Bahrain has transformed itself into a gateway for Israel to penetrate the Arab and Islamic worlds through joint tourism programs as part of the Bahraini regime’s commitment to normalising relations.
Israeli Tourism Minister Haim Katz visited Bahrain last week to promote a package of tripartite tourism trips involving both countries and the United Arab Emirates.
According to Hebrew media, Katz’s diplomatic visit to Bahrain aimed to enhance tourism relations between the two countries within the “Abraham Accords” framework for normalisation.
Katz became the first minister in the current government under Benjamin Netanyahu to visit Bahrain and the first Israeli tourism minister to visit the Gulf region.
The visit included his meeting with Bahraini Tourism Minister Fatima Al-Sairafi and Minister of Finance and National Economy Sheikh Salman bin Khalifa Al Khalifa, according to Eshner.
Katz was accompanied by a delegation comprising the head of the Israeli Hotel Association and an official from the Association of Travel Agents in Israel.

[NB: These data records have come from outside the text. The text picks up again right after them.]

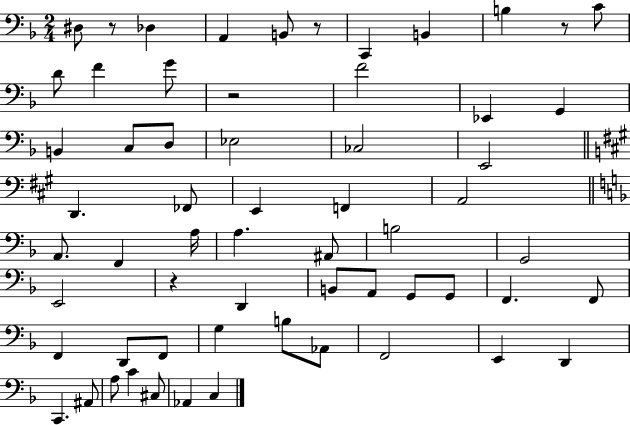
X:1
T:Untitled
M:2/4
L:1/4
K:F
^D,/2 z/2 _D, A,, B,,/2 z/2 C,, B,, B, z/2 C/2 D/2 F G/2 z2 F2 _E,, G,, B,, C,/2 D,/2 _E,2 _C,2 E,,2 D,, _F,,/2 E,, F,, A,,2 A,,/2 F,, A,/4 A, ^A,,/2 B,2 G,,2 E,,2 z D,, B,,/2 A,,/2 G,,/2 G,,/2 F,, F,,/2 F,, D,,/2 F,,/2 G, B,/2 _A,,/2 F,,2 E,, D,, C,, ^A,,/2 A,/2 C ^C,/2 _A,, C,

He also met with prominent figures in the tourism industry in Bahrain, including the owner of Gulf Air and representatives of the Tourism Association and travel agents.
The visit’s main objective is to promote tourism packages to the Asian market, including Israel, the United Arab Emirates, and Bahrain, as part of efforts to boost regional tourism and enhance the presence of Asian tourists in Israel.

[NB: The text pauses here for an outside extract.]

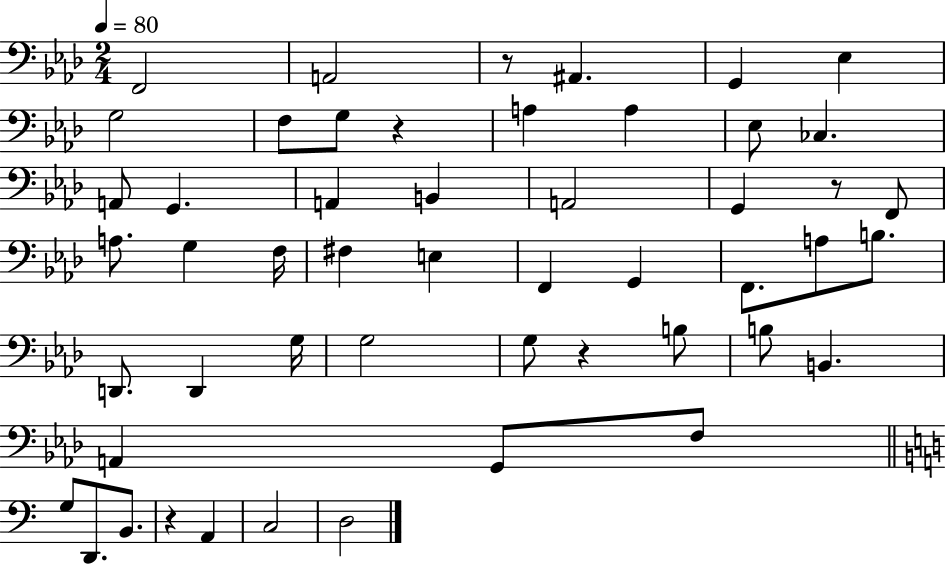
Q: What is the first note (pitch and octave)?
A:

The proposed packages include an eight-day itinerary consisting of three days in Bahrain and five days in Israel, including two days in Jerusalem, a day at the Dead Sea, a day at the Sea of Galilee, and a day in Tel Aviv.
There is also a reverse itinerary for a five-day trip in Israel and three days in Bahrain, in addition to an eight-day package comprising two days in Dubai, two days in Bahrain, and four days in Israel.

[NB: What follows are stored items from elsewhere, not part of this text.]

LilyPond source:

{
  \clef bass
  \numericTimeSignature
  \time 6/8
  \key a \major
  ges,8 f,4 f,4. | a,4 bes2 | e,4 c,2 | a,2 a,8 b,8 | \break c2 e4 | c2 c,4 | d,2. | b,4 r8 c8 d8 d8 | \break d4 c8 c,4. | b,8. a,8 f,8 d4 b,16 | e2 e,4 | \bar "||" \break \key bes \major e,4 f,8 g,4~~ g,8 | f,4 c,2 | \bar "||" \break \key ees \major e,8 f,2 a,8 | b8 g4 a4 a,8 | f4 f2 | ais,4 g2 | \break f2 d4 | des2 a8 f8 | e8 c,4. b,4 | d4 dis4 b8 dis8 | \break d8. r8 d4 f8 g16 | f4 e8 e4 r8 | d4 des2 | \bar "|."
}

The newspaper quoted Katz saying, “We will work to transform the Middle East into a leading tourist destination in the Asian market and other distant destinations. Together, we will offer a rich tourist experience that combines history, modernity, culture, and cuisine.”
The “Abraham Accords,” signed by Israel in 2020 to normalize relations with Arab countries, including Bahrain, the UAE, and Morocco, have faced widespread popular rejection.
Of the 22 Arab countries, only six, Egypt, Jordan, the UAE, Bahrain, Morocco, and Sudan, have established official relations with Israel. At the same time, their governments, since 2002, have rejected responding to the Arab Peace Initiative.